In vista del prossimo anno scolastico 2025/26, il Ministero dell’Economia e quello dell’Istruzione e del Merito hanno autorizzato sul sostegno solo 1.866 posti in più rispetto ai 79.083 in deroga che hanno come scadenza il 30 giugno di quest’anno.

La reiterazione delle supplenze

Una decisione che scontenta i sindacati, in particolare Anief che ritiene questo provvedimento inadeguato rispetto a quanto deciso dal Comitato europeo dei diritti sociali, duro sulla reiterazione delle supplenze che penalizzano continuità didattica e apprendimento degli alunni.

Ancora in stand by questioni risolutive come le immissioni in ruolo tramite doppio canale di reclutamento e su tutte le cattedre disponibili. Marcello Pacifico, presidente nazionale Anief, non indietreggia di un centimetro dalle posizioni del sindacato.

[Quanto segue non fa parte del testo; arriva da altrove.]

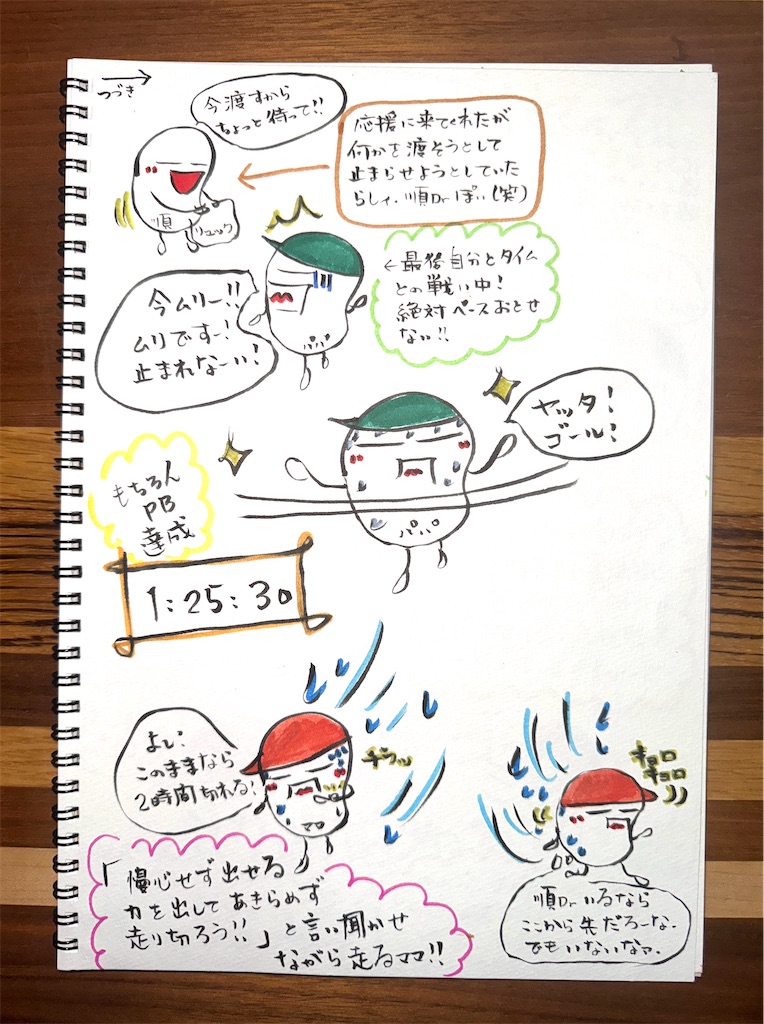 f:id:orlhn:20250401212351j:image f:id:orlhn:20250401212351j:image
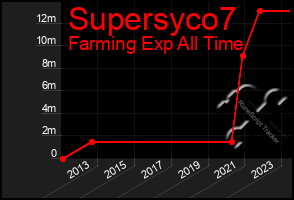 Total Graph of Supersyco7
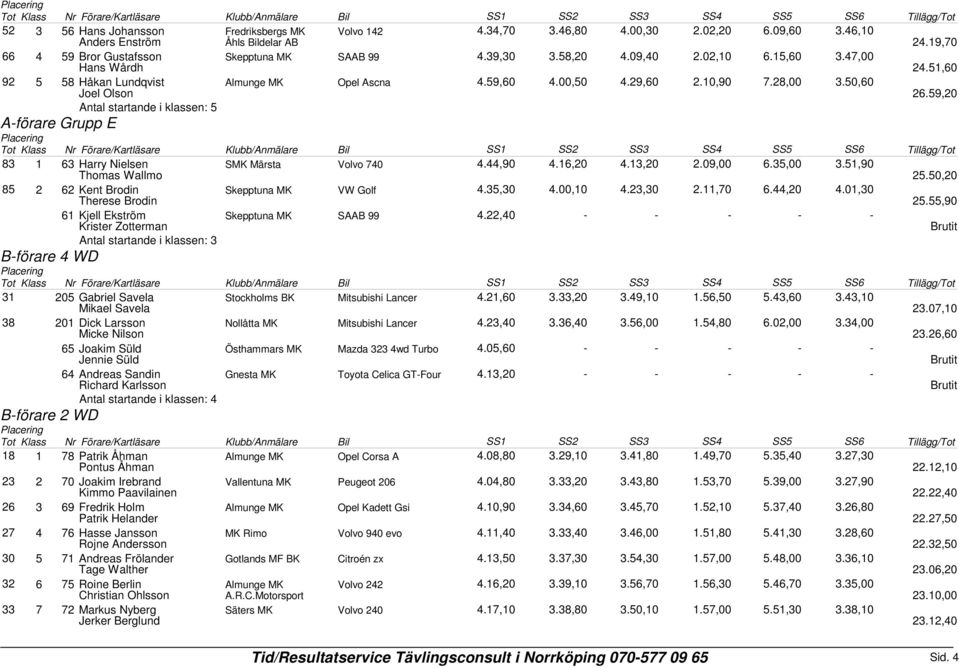 59,20 Antal startande i klassen: 5 A-förare Grupp E 83 1 63 Harry Nielsen SMK Märsta Volvo 740 4.44,90 4.16,20 4.13,20 2.09,00 6.35,00 3.51,90 Thomas Wallmo 25.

Il doppio canale di reclutamento

La delusione per l’autorizzazione di nemmeno 2mila posti sul sostegno nasce anche dalla constatazione che ci sono ancora quasi 80 mila posti da assegnare ai precari. Molti di questi non sono specializzati.

L’intenzione di Anief è sollecitare il Parlamento Europeo per avere risposte sulla decisione CESD che sul reclamo presentato dalla stessa organizzazione sindacale contro l’Italia ha accolto l’istanza.

L’obiettivo è che tutti i posti di sostegno vanno collocati su organico di diritto, in modo che vengano poi impiegati un po’ alla volta per le immissioni in ruolo.